An Online State of Mind
Welcome to Reader Feedback day here at Great Stuff!
You guys sure were talkative this week … some more so than others. But we’ll get to your emails in a bit. First, let’s look at the market today.
Initial weekly jobless claims hit 1.19 million in the U.S. last week, and stocks are … rallying? Oh, economists expected more, so it’s all good. Nothing to see here, I guess.
On second thought, let’s not look at the broad market. ‘Tis a silly place.
Instead, we’ll look at earnings reports from a pair of Great Stuff Picks recommendations:
Roku Inc. (Nasdaq: ROKU)
- Earnings: loss of $0.35 per share. Expected: loss of $0.52.
- Revenue: $356 million. Expected: $316 million
- Active accounts: 43 million. Expected: 42 million
- Streaming hours: 14.6 billion, up from 12.3 billion in Q1.
I have to say, Roku is on fire. It’s taking full advantage of the pandemic and adding customers left and right. While advertising revenue is down — the dining, travel and tourism industries have cut back ad spending — Roku still beat Wall Street’s expectations handily.
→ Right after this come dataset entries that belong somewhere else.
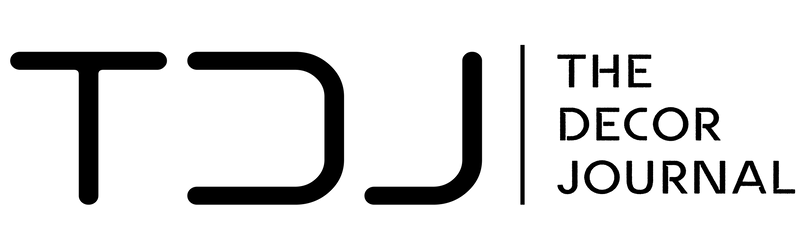 Image Caption Text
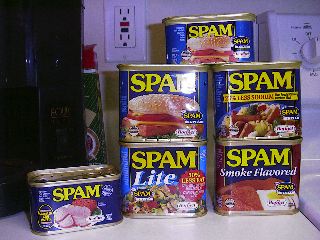 spam.jpg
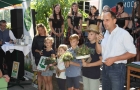 Preisverleihung-Bio-Award-Kaerntern-2020-4
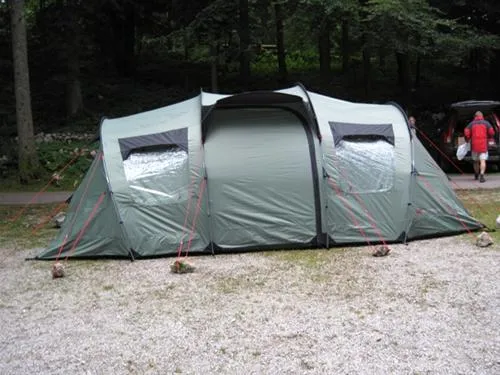 camping-pivka-jama-postojna-qfm71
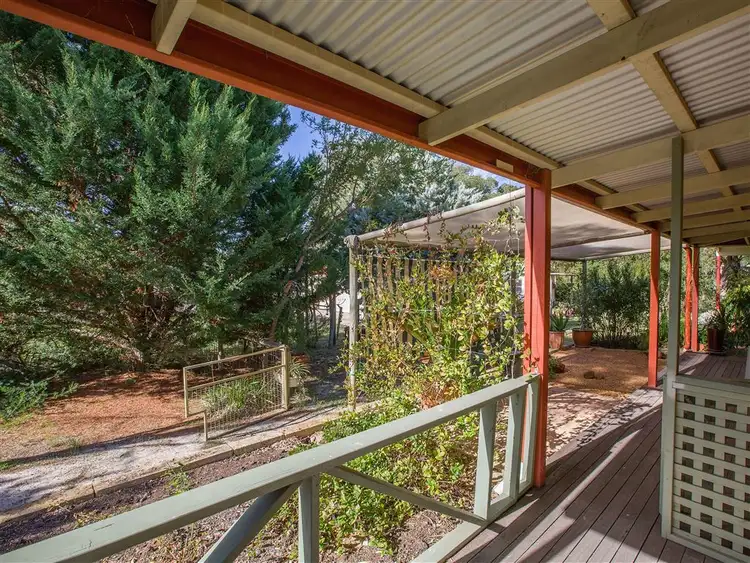 Fourth view of Homely house listing, 15 Penn Street, Boyanup WA 6237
When advertising finally comes back, the company will be in an even stronger position to push for higher sales. Great Stuff Picks readers already sit on a gain of 71.85% since our May 2019 recommendation, and we expect more gains down the road as Roku expands its dominance in the streaming market. Hold ROKU.
Wix.com Ltd. (Nasdaq: WIX)
- Earnings: loss of $0.26 per share. Expected: profit of $0.24 per share.
- Revenue: $236 million. Expected: $233 million.
- Q3 estimated revenue: $247 million to $250 million. Expected: $249.5 million.
- Premium subscriptions: 9.3 million, up 17% year over year.
Don’t let that earnings loss fool you.
Wix.com is another company banging on the pandemic screen door. Millions are rushing online to create both personal and business websites to combat lower sales and foot traffic during the pandemic, and Wix.com is by far the easiest way to make that happen.
So, what about the loss? I’ll let Wix.com’s Chief Financial Officer Lior Shemesh take that one: “We want to be aggressive and to invest and it would be stupid not to do that, and to invest in marketing in order to support this demand.”
A company investing in itself during a period of opportunity? That’s music to my ears.
Wix.com’s loss wasn’t due to willy-nilly spending. It was due to the company reinvesting in itself and in growth. That’s a loss every investor should be able to get behind. It means the company believes in itself, its business model and its leadership.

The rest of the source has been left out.